Preferably said socket connector is an SCI connector and said termination sockets are SCI sockets. Preferably said SCI connector comprises a longitudinal recess or cut-away which exposes the outer conductors of said SCI sockets when fitted.

Preferably said SCI connector comprises two longitudinal recesses on opposite sides of said SCI connector, each of which expose the outer conductors of said SCI sockets when fitted. Preferably said recesses are located at different sectional heights on said SCI connector.

Preferably said connection element comprises a plurality of spring fingers each adapted to contact a termination socket. Preferably the spring fingers are comprised of berrillium copper alloy. Alternatively, the connection element may be an electrically conducting strip for example a conductively loaded elastomer strip. As a further alternative the connection element may be integrally formed within the casing component.

Preferably, where said SCI connector comprises two longitudinal recesses, said cable connector comprises two connection elements located to connect each said SCI socket from two sides to said casing component.

Preferably said casing component is comprised of two parts. Preferably said casing components are comprised of metal, alternatively the casing components may be comprised of metallised plastic. As a further alternative, the casing components may comprise a metallised strip secured to a plastic casing, said strip extending from connection with the connection element to the face plate of said casing components. As a still further alternative, the connection element may extend to the face plate.

Preferably, said cable connector comprises a plurality of coaxial cables each terminated with a termination socket.
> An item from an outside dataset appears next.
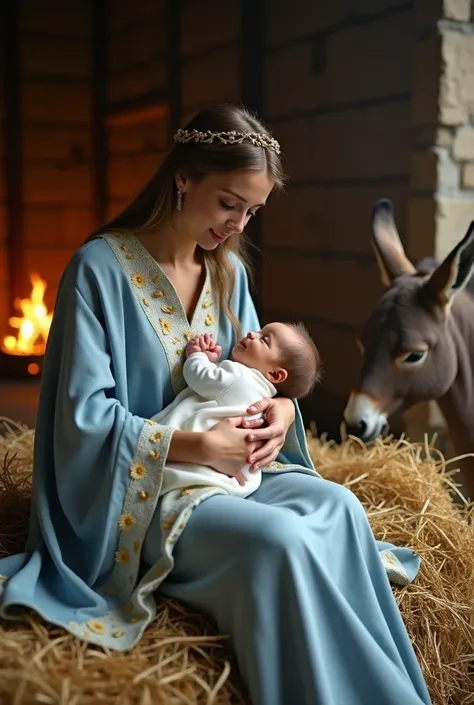 create a wide-angle image of a beautiful woman in a light blue cloak with gold-colored embroidery on flower borders,  sitting on a pile of straw , she is feeding her newborn baby,  dressed in a long white dress , she is the Virgin Mary ,  virgin Mary is in...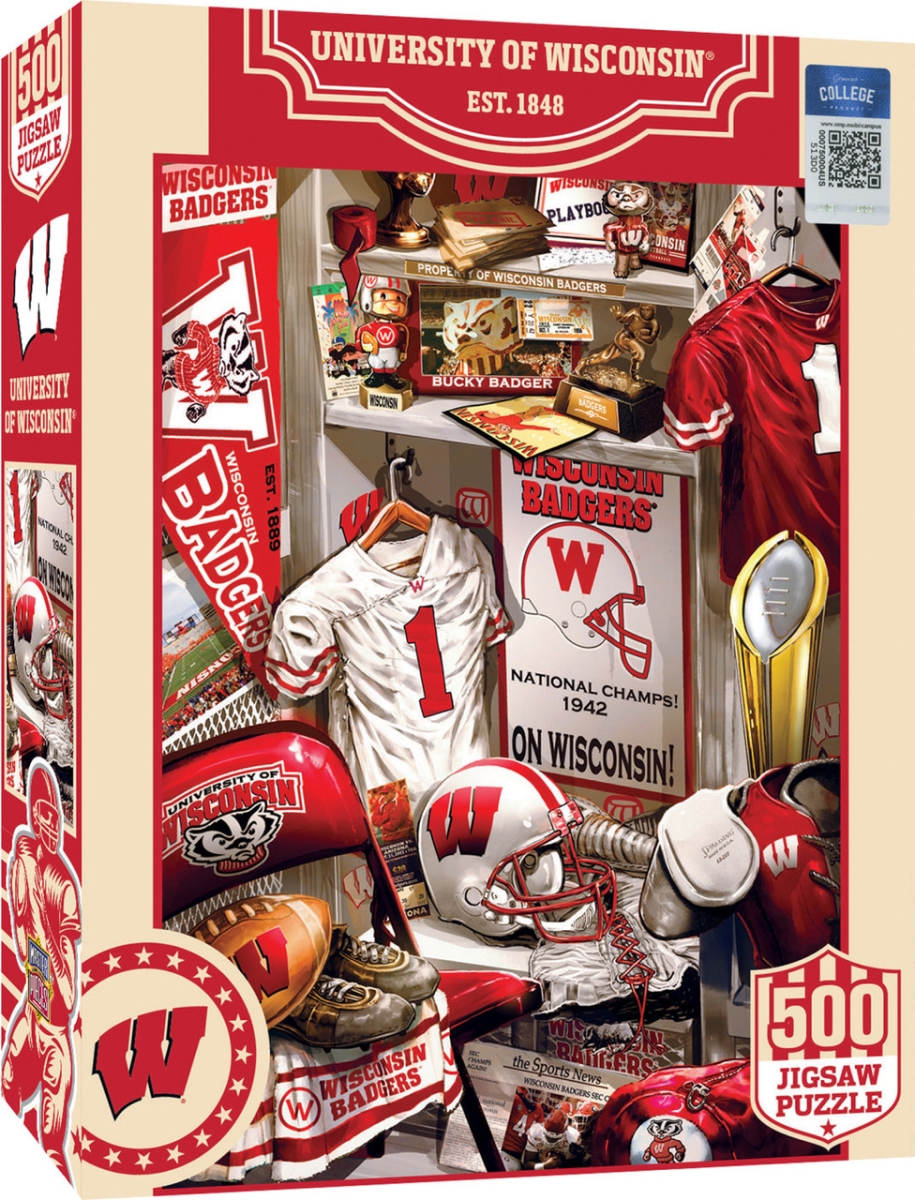 Picture of Masterpiece WIS1090 NCAA Wisconsin Badgers Locker Room Puzzle - 500 Piece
In a further inventive aspect the present invention provides a method of connecting a plurality of coaxial cables using a cable connector comprising:

a socket connector for receiving a plurality of coaxial cable termination sockets;

a connection element;

a casing component adapted to receive a plurality of coaxial cables;

wherein said socket connector is adapted to expose at least a part of each termination socket when fitted, and wherein said connection element is arranged to electrically connect each said exposed termination socket to an outer surface of the casing component, the method comprising the steps of:

fitting a plurality of coaxial cables each terminated in a termination socket into said socket connector;

securing said casing component to said socket connector such that said connecting element bonds each termination socket to said outer surface;

securing said cable connector to a receiving element.

In order to show how the invention may be carried into effect, embodiments of the invention are now described below by way of example only and with reference to the accompanying figures in which:

FIG. 1 shows the connector connected to the face plate of an item of electrical equipment;

FIG. 2 shows an exploded perspective view of the components of a preferred connector; and

FIG. 3 shows a section cut-away of the connector with coaxial cables fitted.

FIG. 4 shows a cross section of the coaxial connector with coaxial cables fitted.

FIG. 1 shows a preferred connector 2 of the invention connected to the face plate assembly 21 of a printed circuit board 20 forming part of an electronic system, for example a telecommunications multiplexer unit. The connector 2 comprises two casing components 3a and 3b which are adapted to receive a cable loom 5 containing a number of coaxial cables. The connector 2 is in positive electrical contact with the PCB face plate 21 using one or more screws 4a and 4b.

Referring to FIG. 2, the connector 2 further comprises a socket connector 8, and two connecting elements 10a and 10b. The socket connector 8 is adapted to receive coaxial cable termination sockets 7. The socket connector 8 includes two longitudinal recesses 9a and 9b which are adapted to expose part of the outer conducting casing of each termination socket 7. Preferably the longitudinal recesses 9a and 9b are located at different sectional heights of the socket connector 8 to improve the mechanical rigidity of the socket connector 8.

Preferably the socket connector 8 and the termination sockets 7 are of the SCI type.

The connecting elements 10a and 10b each comprise a metallic strip 11 from which are formed a plurality of metallic fingers 12 which contact respective termination sockets 7. The connecting elements 10a and 10b are located between the socket connector 8 and the casing components 3a and 3b respectively such that each cable termination socket 7 when fitted into the socket connector 8 is connected via a respective spring finger 12 and metal strip 11 to the casing components 3a and 3b.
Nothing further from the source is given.